An investigatory committee established Wednesday, January 22, by the ÖVP-Greens majority has been directed to look into possible corruption between the Freedom Party (FPÖ) and Casinos Austria. What the committee will actually investigate, however, is still a matter of debate.
This summer, two scandals rocked Austrian politics and the FPÖ along with its then party leader Heinz Christian Strache were center stage for both. First came the Ibiza scandal in May 2019, when then vice-chancellor Strache was caught on film offering political favors in exchange for Russian money. The scandal caused the collapse of the ÖVP-FPÖ coalition government and triggered a snap election in September in which the ÖVP once again emerged victorious, this time in a coalition with the Green party.

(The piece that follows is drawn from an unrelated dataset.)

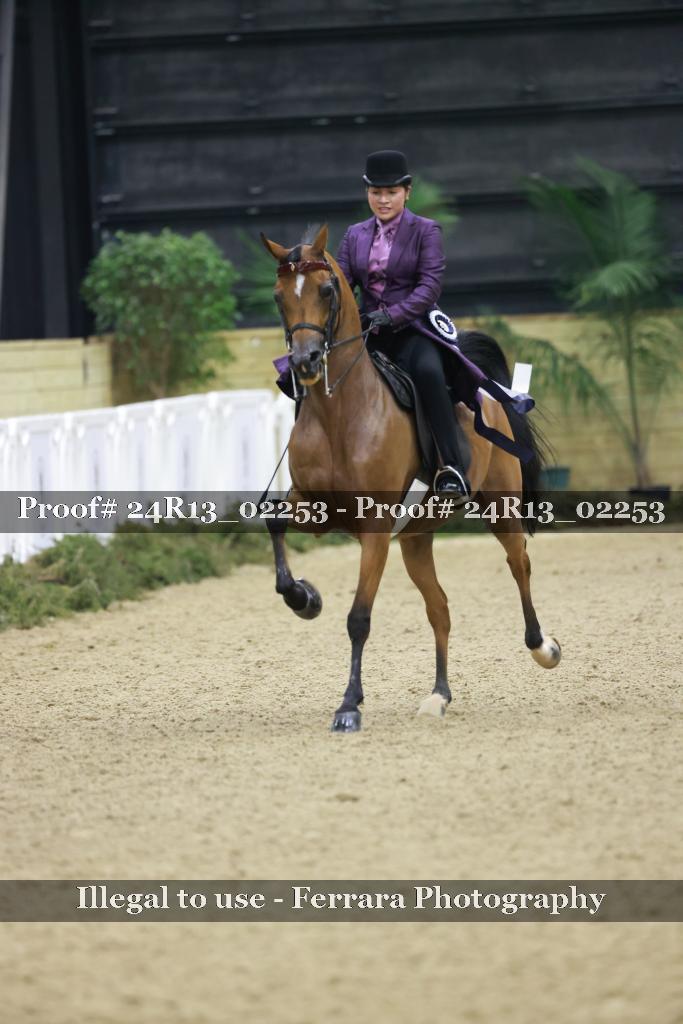 Proof 24R13_02253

Casinos Austria and Novomatic
Then in August, a second affair involving Casinos Austria came to light, when an anonymous whistleblower provided evidence of possible corruption by the FPÖ and gambling company Novomatic. The evidence indicated that the party had offered political promises in return for the appointment of FPÖ insider Peter Sidlo to Novomatic-subsidiary, Casinos Austria.
Now, an investigatory committee meant to probe the Ibiza scandal has been shifted to this second Casinos scandal and the possible reform of gambling laws, when the initial motion for an “Ibiza Ausschuss” filed by the SPÖ and NEOS did not pass. However the mission of the new committee, say the SPÖ and NEOS, has been heavily redacted in favor of the ÖVP.
SPÖ party leader Pamela Rendi-Wagner accused the ÖVP-Green coalition of limiting the committee’s investigating powers by removing ÖVP-sensitive topics from the agenda – in particular the Ibiza scandal and party finance reform, which they consider essential in wake of revelations that the ÖVP spent over twice the campaign limit in the 2019 snap election cycle.
Contesting the new motion’s legality in the Constitutional Court, the SPÖ and NEOS hope to reinstate the deleted topics on the agenda.